P(\epsilon \in [0.0, 0.1]) = 10/81 P(\epsilon \in [0.1, 0.2]) = 13/81 P(\epsilon \in [0.2, 0.3]) = 16/81 P(\epsilon \in [0.3, 0.4]) = 14/81 P(\epsilon \in [0.4, 0.5]) = 12/81 P(\epsilon \in [0.5, 0.6]) = 8/81 P(\epsilon \in [0.6, 0.7]) = 4/81 P(\epsilon \in [0.7, 0.8]) = 2/81 P(\epsilon \in [0.8, 1.0]) = 1/81

For simplicity we assumed that Nellissa and I both have the same failure rate, and we also assumed that \epsilon is independent of the hypothesis, i.e.

P(\mathcal{H}_k, \epsilon) = P(\mathcal{H}_k)\,P(\epsilon)\;.

Thus, we can display the whole probability space in a contour plot, as shown in Figure 3.

FIGURE 3: Contour plot of the assumed prior probability distribution.
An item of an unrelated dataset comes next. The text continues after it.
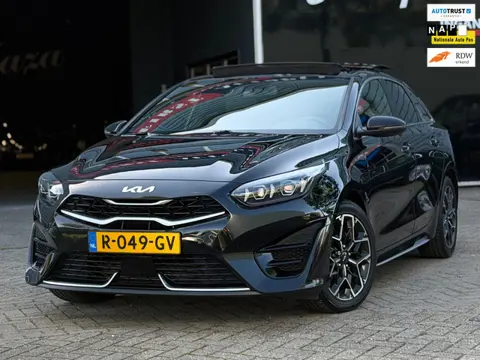 Kia ProCeed 1.0 T-GDi GT-Line PANO/LINE-ASSIST/STUUR-STOELVERW./CAMERA | KEURIGE AUTO !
Darker colors correspond to higher probability.

When we collect a datum such as \rm{DE} = \rm{VN}, we update our believes (probabilities) according to Bayes’ theorem:

P(\mathcal{H}_k, \epsilon\,|\,x) =P(x\,|\,\mathcal{H}_k, \epsilon)\,P(\mathcal{H}_k, \epsilon) / P(x)\;.
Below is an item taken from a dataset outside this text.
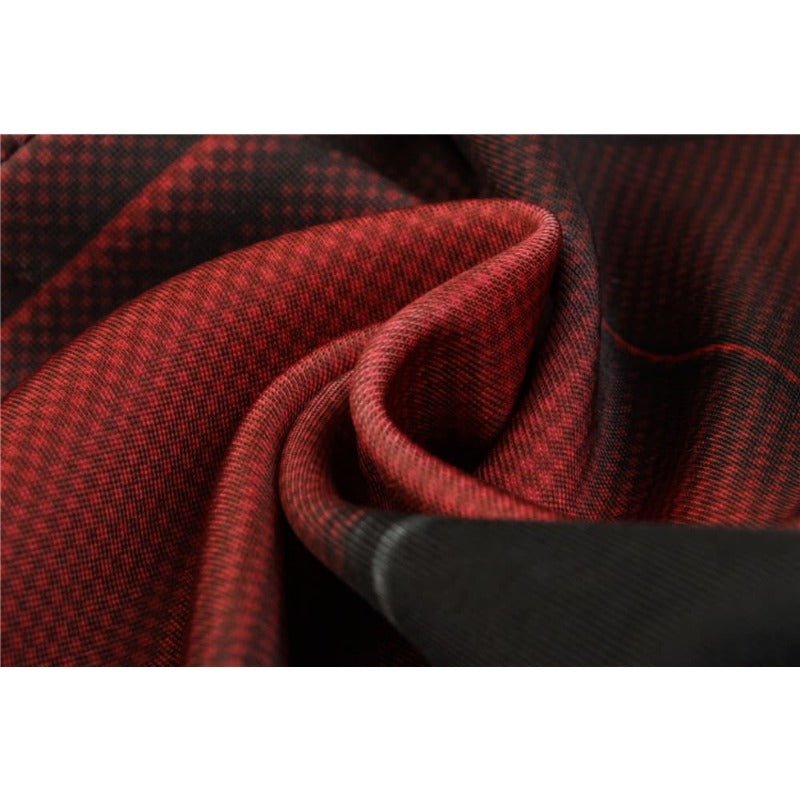 Traje de Cosplay Daredevil Deadpool Matt Murdock 3D Spandex Disfraz de Halloween - Fantasia Cosera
where x is the datum and we can expand the probability to observe x into

P(x) = \sum_{k,i} P(x\,|\,\mathcal{H}_k, \epsilon_i)\,P(\mathcal{H}_k)\,P(\epsilon_i)\;.

With a little bit of code, we can now explore how each datum changes our belief map, according to Bayes’ theorem above:

Change of our belief map due to the data we collected. The most likely hypothesis is \mathcal{H}_{\rm{VN}}, i.e. the German and English Snickers are identical, but the Vietnamese Snickers is different from the two.

The most probable hypothesis is thus that the German and English Snickers bars are the same, but the Vietnamese Snickers bar is different (\mathcal{H}_{\rm{VN}}), and that our failure rate \epsilon is 30% to 40%.

The conclusion changes, however, when only mine or Nellissa’s measurements are taken into account. Here is a little video, where I explore the data with a little app I wrote.

Much more insight can be gained from the belief maps shown in the video above, but I leave this to you, dear reader, to think about the results. I, for my part, have had enough Snickers bars for a lifetime.